It was an anxious time . For months, I’d fretted about the 2006 elections, as I had for years about our nation. Closer to home loomed my risky midlife career-move, adding its own personalized stress. As I clung to the faith that both my country and I would resolve our respective dilemmas, life reminded me daily that faith was less about lofty thoughts and more about the daily business of just gritting one’s teeth and plodding up that hill.
But plodding is not the only way forward. One September morning at Boston’s South Station with my college-bound son, I gained some unexpected lessons in alternate faith-based movement.
Something was up at the station that day. Midst the newsstands and bustling commuters, a screen and rope had appeared, laying claim to a prime bit of floor. Beside the screen, a trio of musicians was tuning instruments. Nearby, a man in a sparkly black shirt practiced a few twirls.
I had to ask. “National Ballroom Dance Week”, the trumpeter said. “Demonstration starts at 11:30”. Later, my son’s train on its way to Chicago, I started to leave. But then I changed my mind. Work beckoned – work always beckons – but so did the need to sit and think . So I stayed to see what the rhythms of dance could do for an overtaxed soul.

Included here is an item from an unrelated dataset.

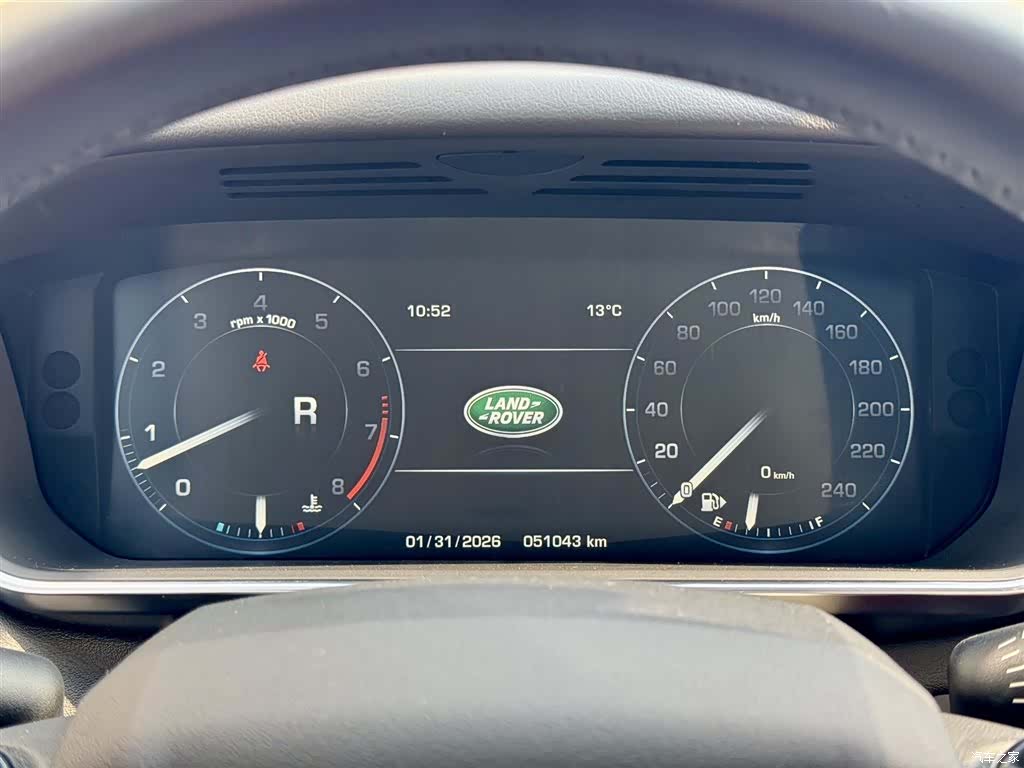 Land Rover Range Rover, 2016 7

As I took my seat, the dancers were in full swing. Defying easy pigeonholing, the dancers came in all shapes, ages , races, and abilities. Young women danced with octogenarian men; men in sneakers partnered elegant women in high heels. Spouses danced in practiced rhythm, as a smiling instructor watched his 6-year-old beginners with pride and delight. Two dance teachers in ripe middle age demonstrated the grace of ballroom dance, followed by a twenty-something pair dancing a cha-cha best described as hot. A retiree laughed in admiration: “That’s not my cha-cha! ”
As irresistible as gravity, the dance drew others in. An African-American toddler, resplendent in apple green, ran under the rope, and whirled her way joyfully among the waltzing couples. In choreographic endorsement, a group of backpack-laden students chugged in conga line just outside the rope.
An hour later, the dance ended, the workday returned. Dancing shoes were replaced by running shoes, the dancers returned to day jobs, the musicians went home.
Since then, my anxieties have eased. My side won in November, to my astonished joy. On the personal front, the universe has shifted, ever so slightly, in my direction. No one is out of the woods yet, though, and there is hard work, and, yes, more plodding, ahead.
But I take heart from that day at South Station.
I remember a middle-aged man, with the physique and fashion sense of an engineer, asking a woman to dance. As he takes her in his arms, and they start to spin with the waltz, his face is transformed by joy.
It was a moment of connection, of transcendence, and of grace. A scattered community finding a mutual rhythm, and moving forward.
I thought then: we could use a few more moments like these. I know now: there will be more.